Via de la plata day 11: Merida to Aljucén, 16km

Acueducto de los Milagros (the miracles), Merida

I pondered taking a rest day in Merida, but the town, despite all the history, didn’t appeal as a place to relax for an extra day. And the albergue was quite basic, which made the decision easier! And anyway, a 16 km day is almost a rest day.

My usual 0700 start was ideal, as street lighting and smooth roads make walking easier. There was the added benefit of seeing the aqueduct lit up, as it’s not as compelling by daylight. After that it was a gentle uphill mostly using cycle paths to the Proserpina reservoir, created by the Romans to provide water to Merida using the aforementioned aqueduct.

The Roman dam at sunrise
I took this just because I liked the colours!

The reservoir is a popular weekend outing for Meridians, but not popular enough to have a cafe open at 0800 on a Sunday morning. There were lots of fishing folks free camping on the shoreline who would probably be interested in coffee once the sun blasted them from their slumbers.

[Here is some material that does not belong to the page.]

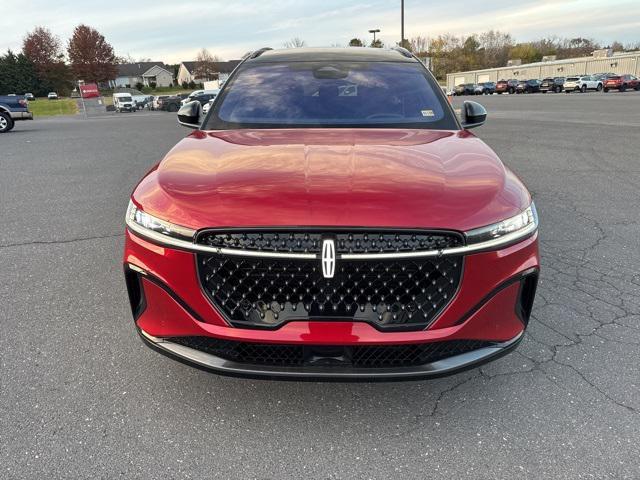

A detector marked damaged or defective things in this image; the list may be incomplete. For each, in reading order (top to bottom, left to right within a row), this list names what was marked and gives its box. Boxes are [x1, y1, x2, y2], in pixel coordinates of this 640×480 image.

crack in asphalt [0, 233, 124, 249] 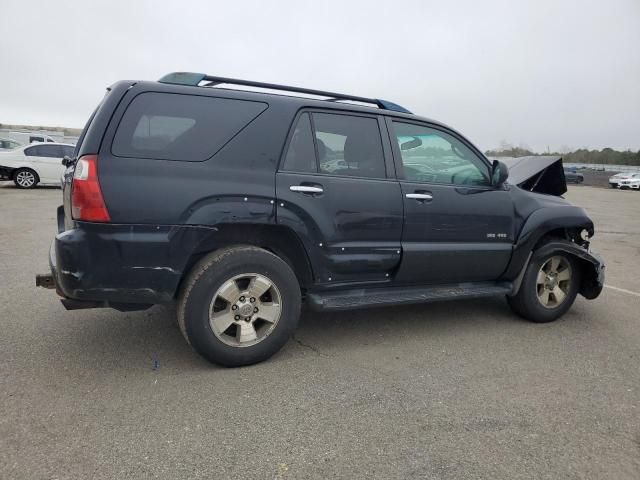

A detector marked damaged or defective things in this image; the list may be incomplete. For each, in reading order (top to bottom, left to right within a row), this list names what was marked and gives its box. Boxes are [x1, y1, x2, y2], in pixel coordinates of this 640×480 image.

damaged black suv [35, 70, 604, 364]
crumpled hood [498, 156, 568, 197]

The final stint was through more dehesa land, which is hard to tire of, plus a few vineyards to add variety. I was the first to arrive at the albergue, and as it was open with no instructions, I put my stuff in a room and crammed my entire wardrobe in the washing machine. When the hostel lady later showed up I got told off, as I was supposed to register at the tienda first. Oops! Luckily she didn’t notice my laundry going around (although me wandering around in nothing more than a pack towel might have been a giveaway). Later when I donned my clean (but damp) clothes and paid my rent and bought some provisions, she was all smiles, so hopefully an international incident was avoided.